Multi-target regression with XGBoost

Determining the parallelization scheme that minimizes training time

Posted by Matt Witman on October 21, 2019

What happens when you have a multi-target regression problem and you still want to use XGBoost's implementation of gradient boosting trees (or any other regressor that does not natively support multi-target regression)? Probably the quickest solution is to use scikit-learn's MultiOutputRegressor(), a wrapper that fits one regressor per target.

import xgboost as xgb
from sklearn.multioutput import MultiOutputRegressor

# some function to return your training data
X, y = import_and_prepare_your_training_data()
print("Training samples: %d"%X.shape[0])
print("Input features: %d"%X.shape[1]))
print("Targets: %d"%y.shape[1]))

model1 = MultiOutputRegressor(\
  xgb.XGBRegressor(objective='reg:squarederror'))

model1.fit(X,y)
            
 >>>
Training samples: 1000
Input features: 145
Targets: 118
          

Quite easily one can now use XGBoost for multi-target regression. However, when dealing with large training sets, a little performance optimization can go a long way to reduce the required training time and one must be careful to parallelize the workload at the approptriate level. Recalling that scikit-learn's MultiOutputRegressor() is training one regressor per target value, its built in multiprocessing will distribute the training of one XGBoost regressor per n_jobs CPUs until all targets have been trained. Contrarily, XGBoost uses MPI threading to parallelize the training of a single XGBoost regressor over however the nthread CPUs allocated for the job, a task which subsequently must be serially executed by scikit-learn for the number of targets in our problem. Making 10 CPUs available for the training, we can see that scikit-learn's parallelization scheme in this multi-target regression application provides a speed up in training time of about 4x. This is quite nice as my dataset actually contains ~400,000 training examples (not the 1,000 shown below), thus saving me hours of train time.

import xgboost as xgb
from sklearn.multioutput import MultiOutputRegressor
import time

# some function to return your training data
X, y = import_and_prepare_your_training_data()
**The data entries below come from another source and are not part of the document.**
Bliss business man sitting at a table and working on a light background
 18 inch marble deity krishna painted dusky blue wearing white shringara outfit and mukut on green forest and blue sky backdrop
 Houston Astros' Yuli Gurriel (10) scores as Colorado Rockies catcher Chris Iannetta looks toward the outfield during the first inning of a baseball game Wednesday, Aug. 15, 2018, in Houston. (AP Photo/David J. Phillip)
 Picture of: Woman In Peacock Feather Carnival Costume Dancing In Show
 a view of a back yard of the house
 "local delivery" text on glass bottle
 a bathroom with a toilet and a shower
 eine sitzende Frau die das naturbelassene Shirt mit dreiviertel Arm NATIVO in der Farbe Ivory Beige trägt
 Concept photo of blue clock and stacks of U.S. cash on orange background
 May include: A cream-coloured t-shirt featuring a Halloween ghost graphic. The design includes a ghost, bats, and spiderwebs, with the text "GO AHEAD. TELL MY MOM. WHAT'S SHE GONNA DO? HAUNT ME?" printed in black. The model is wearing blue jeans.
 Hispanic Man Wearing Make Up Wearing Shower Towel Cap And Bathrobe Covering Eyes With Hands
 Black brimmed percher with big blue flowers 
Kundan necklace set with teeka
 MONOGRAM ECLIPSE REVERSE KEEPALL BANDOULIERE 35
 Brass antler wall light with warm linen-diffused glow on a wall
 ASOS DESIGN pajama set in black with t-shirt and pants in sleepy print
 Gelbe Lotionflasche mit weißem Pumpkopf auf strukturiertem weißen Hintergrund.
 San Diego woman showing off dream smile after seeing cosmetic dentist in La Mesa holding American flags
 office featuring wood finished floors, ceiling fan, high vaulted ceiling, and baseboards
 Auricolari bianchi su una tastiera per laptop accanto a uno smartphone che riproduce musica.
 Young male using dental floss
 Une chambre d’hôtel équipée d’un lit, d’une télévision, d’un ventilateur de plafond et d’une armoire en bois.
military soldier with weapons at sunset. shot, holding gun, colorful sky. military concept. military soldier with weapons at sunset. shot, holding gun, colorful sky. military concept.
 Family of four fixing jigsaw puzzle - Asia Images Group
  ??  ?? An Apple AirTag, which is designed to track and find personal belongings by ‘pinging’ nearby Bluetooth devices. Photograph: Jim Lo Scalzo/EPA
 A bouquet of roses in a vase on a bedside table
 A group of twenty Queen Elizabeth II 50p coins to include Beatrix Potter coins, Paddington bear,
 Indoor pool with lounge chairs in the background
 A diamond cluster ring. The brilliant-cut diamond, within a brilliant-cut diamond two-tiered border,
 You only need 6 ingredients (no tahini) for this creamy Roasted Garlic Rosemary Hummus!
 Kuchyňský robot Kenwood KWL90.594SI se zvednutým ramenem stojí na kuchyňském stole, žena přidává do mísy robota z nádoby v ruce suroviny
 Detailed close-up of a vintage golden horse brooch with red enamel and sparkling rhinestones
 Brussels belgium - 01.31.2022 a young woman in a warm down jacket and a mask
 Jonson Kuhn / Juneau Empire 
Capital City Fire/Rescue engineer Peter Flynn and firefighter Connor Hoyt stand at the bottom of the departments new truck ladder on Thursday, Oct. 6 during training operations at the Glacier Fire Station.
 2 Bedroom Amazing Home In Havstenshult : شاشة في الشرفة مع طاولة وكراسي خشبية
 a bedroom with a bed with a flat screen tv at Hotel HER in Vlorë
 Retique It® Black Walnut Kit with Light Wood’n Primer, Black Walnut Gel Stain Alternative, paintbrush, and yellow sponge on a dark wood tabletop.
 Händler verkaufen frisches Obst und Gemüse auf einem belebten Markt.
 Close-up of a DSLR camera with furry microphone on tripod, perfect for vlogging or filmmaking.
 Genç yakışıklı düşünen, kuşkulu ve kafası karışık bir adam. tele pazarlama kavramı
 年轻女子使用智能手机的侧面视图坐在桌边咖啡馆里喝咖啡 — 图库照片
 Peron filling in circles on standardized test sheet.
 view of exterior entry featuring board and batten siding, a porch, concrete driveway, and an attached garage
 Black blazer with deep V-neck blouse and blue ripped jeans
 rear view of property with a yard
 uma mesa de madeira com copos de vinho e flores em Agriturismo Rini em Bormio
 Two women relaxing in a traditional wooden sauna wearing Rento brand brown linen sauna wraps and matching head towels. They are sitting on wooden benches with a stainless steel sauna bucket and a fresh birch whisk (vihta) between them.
model1 = MultiOutputRegressor(\
  xgb.XGBRegressor(objective='reg:squarederror'),n_jobs=10)

model2 = MultiOutputRegressor(\
  xgb.XGBRegressor(objective='reg:squarederror',nthread=10))

start1 = time.time()
model1.fit(X,y)
end1 = time.time()

start2 = time.time()
model2.fit(X,y)
end2 = time.time()

print("Model 1 execution time: %.2f"%(end1-start1))
print("Model 2 execution time: %.2f"%(end2-start2))

            
 >>>
Model 1 execution time: 14.74
Model 2 execution time: 65.21